The good news that even if a rate cut doesn’t happen, deferring income and accelerating deductions is always a good idea. It still provides a cash flow benefit and offers the time value of money. The possibility of a rate cut could turn timing changes into permanent benefits.
Calculating foreign earnings
Leading tax reform plans propose a one-time tax on unrepatriated earnings as part of a transition to a territorial tax system. Proposals range from a 10% tax on all earnings, to an 8.75% rate on cash and cash equivalents, and 3.5% on reinvested earnings.
Current rates are higher, but some manufacturers may actually pay less by bringing earnings home early and using foreign tax credits. The advantages can vary based upon the final legislation and each company’s unique tax situation. But forward-thinking companies are already assessing their foreign earnings and tax credits to gauge the cost of repatriating now compared to the cost under tax reform. Manufacturers should also consider accelerating deductions in its foreign subsidiaries using the same strategies discussed above. Shifting earnings so they are not recognized until after the one-time repatriation tax hits could provide a huge savings.
The impact of legislative changes aren’t recorded in financial statements until they take effect, but shareholders expect management to understand, plan for, and disclose risks. Companies with SEC disclosure requirements should consider whether to include a discussion of the potential impact of tax reform in the Management Disclosure and Analysis. Top publicly-held companies have already discussed with shareholders the potential impact of lower tax rates and the cost of repatriated earnings.
Understanding entity choice
The impact of tax reform will depend heavily on a how manufacturer is structured. The 25% rate for pass-through income proposed by House Republicans is already higher than the proposed 20% corporate rate, and that only tells part of the story. Republicans are looking for ways to prevent pass-through owners from converting compensation income into business income. They’ve discussed allowing just 30% of pass-through income to qualify for the lower rate, while 70% would be considered compensation taxed at the 33% individual rate. This would result in blended rate of 30.6%, putting some pass-throughs at a disadvantage.

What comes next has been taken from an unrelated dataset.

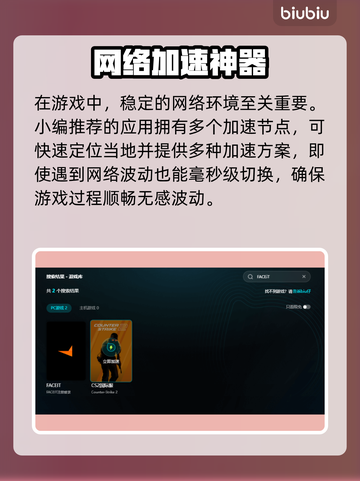 🔥FACEIT加速器推荐！ gaming神器💥截图3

Manufacturers organized as pass-throughs should prepare for an entity choice analysis by assessing future plans for distributing earnings and passing on the business. Manufacturers should also consider reaching out to local representatives to discuss all the ways higher pass-through rates might harm them.
The time is now
This is the best opportunity for significant tax reform in 30 years, and manufacturers need to be nimble and plan now for anticipated changes. Things could speed up quickly in Washington, or it could take longer than expected. But manufacturers need to be flexible and be ready to act.